# How are Moderators chosen on this site?



## DeMoN (Sep 17, 2004)

Do you have to know KiVan? I doubt it. I mean what are the requirements? Are there age limits, etc. Or does it depend on how long you've been here? How long you come here each day? I'd like to be a support crew memeber at least. *shrugs*  
	

	
	
		
		

		
			




P.S. What are the differences beteween?
Moderators
Support Crew
Admins
Global Moderators
(am I missing any)

Edit: Should'nt Adim and Supervisors be a different color, to show supremacy?


----------



## jumpman17 (Sep 17, 2004)

*Moderators:* Have power over a couple of sections.
*Support Crew:* Have access to a special section to give ideas.
*Admins:* Ultimate power. Can do anything.
*Global Moderators:* Has power over all sections.
*Supervisors:* One step below admin, just a couple less powers.

You have to be a member who gives to the community, sets a good example as a member, has proven himself/herself many times, etc...


----------



## Tempest Stormwin (Sep 17, 2004)

In approximate level of influence: 
Banned > Suspended >> Members > Support Crew > Moderators > Global Moderators > Supervisors > Admin, with Validating somewhere in limbo.

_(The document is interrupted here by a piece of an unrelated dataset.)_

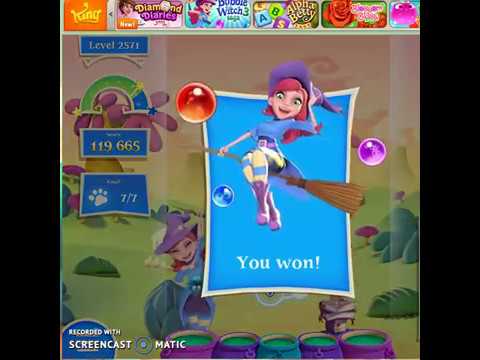 Bubble Witch 2 : Level 2571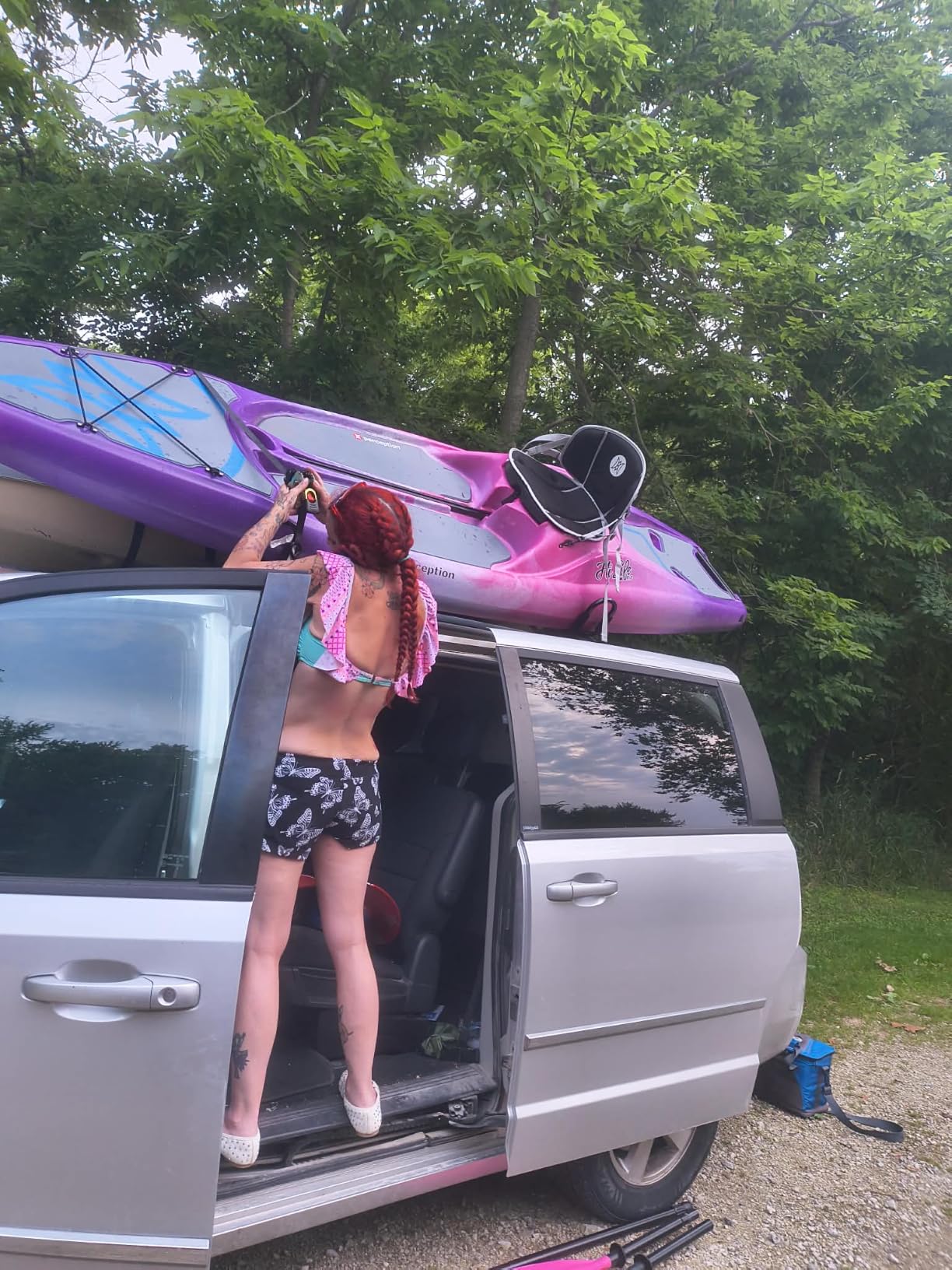 Perception Hi Life | Sit on Top Kayak for Adults | Hybrid SUP Stand up Paddle Board Kayak customer photo 1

It's not a promotional chain, for instance -- I think I'm the only staffer to have his name in every color above (Orange was the old Magazine Staff group color before that was disbanded), and we've got a lot of staff.

We select members for the support crew based on how dedicated to the community they are, and if they set a good example (amongst other things, but that's the basics). Responsibility and trustworthiness, along with dependability and availability, dictate the other positions.

Roughly. We try not to shuffle stuff around too much, since that causes inevitable confusion. Still, we try not to be TOO static, since any healthy organization needs change periodically.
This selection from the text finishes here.